Many may inquire, “How long shall we stay here?” We shall stay here just as long as we ought to. “Shall we be driven, when we go?” If we will so live as to be satisfied with ourselves, and will not drive ourselves from our homes we shall never be driven from them. Seek for the best wisdom you can obtain, learn how to apply your labor, build good houses, make fine farms, set out apple, pear, and other fruit trees that will flourish here, also the mountain currant and raspberry bushes, plant strawberry beds, and build up and adorn a beautiful city (DBY, 483–84).
Mark our settlements for six hundred miles in these mountains and then mark the path that we made coming here, building the bridges and making the roads across the prairies, mountains and canyons! We came here penniless in old wagons, our friends … telling us to “take all the provisions you can; for you can get no more! Take all the seed grain you can, for you can get none there!” We did this, and in addition to all this we have gathered all the poor we could, and the Lord has planted us in these valleys, promising that he would hide us up for a little season until his wrath and indignation passed over the nations. Will we trust in the Lord? Yes (DBY, 475).
By the favor of heaven, we have been enabled to surmount all these difficulties, and can assemble here today in the chamber of these mountains, where there are none to make us afraid, far from our persecutors, far from the turmoil and confusion of the old world (DBY, 482).
To whom did President Young give credit for the plan to move the Saints to the Rocky Mountains and the Salt Lake Valley?
What circumstances prompted the exile of the Saints from Illinois? How did President Young know where to lead the Saints?
Why did Church leaders encourage 500 volunteers to join the Mormon Battalion and leave their families at such a critical time in their westward movement?

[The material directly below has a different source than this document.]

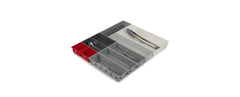 JJ DUO 10-PIECE DRAWER ORGANISER SET - GREY/RED 85191 (SS21)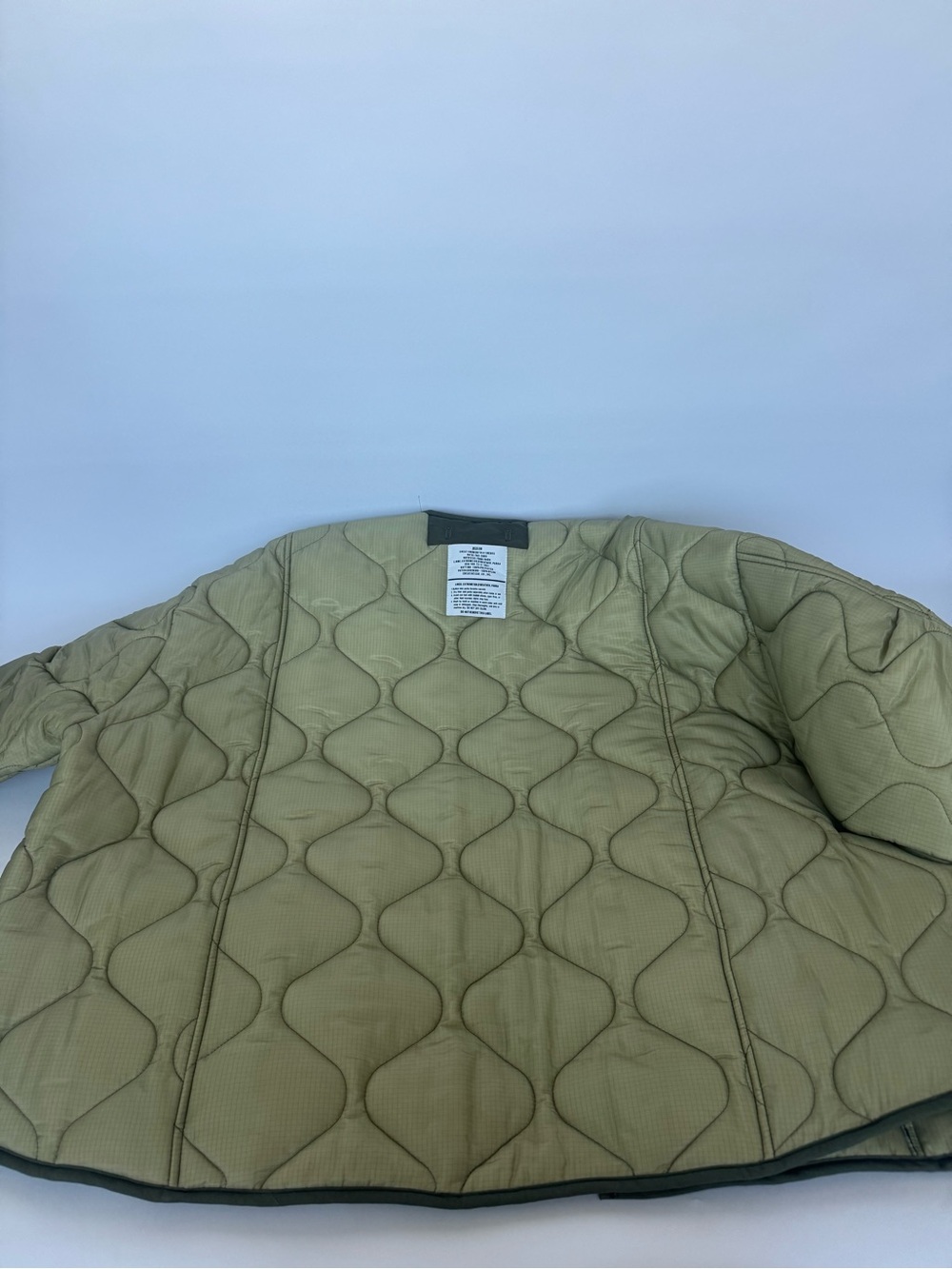 The Frankie Shop Olive Green Quilted Teddy Jacket - Picture 2 of 5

The Mormon Battalion never had to fight in the war because the battle was over by the time they reached their destination. What did the Saints suffer because of the government’s call for a battalion? Why do you think it was important for them to make that sacrifice? What benefits resulted from this experience?
How did the Lord relieve the Saints’ hunger for a time? How has the Lord helped you in times of need?
Doctrine and Covenants 136 contains “the Word and Will of the Lord concerning the Camp of Israel in their journeyings to the West” (verse 1). This revelation was given to President Young at Winter Quarters on 14 January 1847. In addition to the organization described in this section, what other counsel was given to the Saints traveling west?
What concern did Jim Bridger express to President Young? What was the basis of President Young’s strong response to Mr. Bridger? How have you experienced success that resulted primarily from an exercise of faith?
Why did President Young choose to stay in the Rocky Mountains rather than continue into California?
In what ways did the Saints seek to find solutions to their poverty?
President Young said, “There never has been a land, from the days of Adam until now, that has been blessed more than this land has been blessed by our Father in Heaven.” What is required of the Saints wherever they dwell to ensure a continuation of those blessings? What does it mean to live by faith? What can we do to more completely live by faith in Jesus Christ?
What did the Saints accomplish as pioneers of the Rocky Mountains? What can you do to build the Church where you live?
President Young made the unusual statement, “Here are hundreds and thousands of people that have not had the privileges that some of us have had. … They have not had the privilege of being robbed and plundered of their property, of being in the midst of mobs and death, as many of us have.” What do you think he meant? Why was the Salt Lake Valley “a first-rate place to raise Latter-day Saints”? How have difficulties blessed your life? What can we do to turn even the most challenging trial into a chance to grow?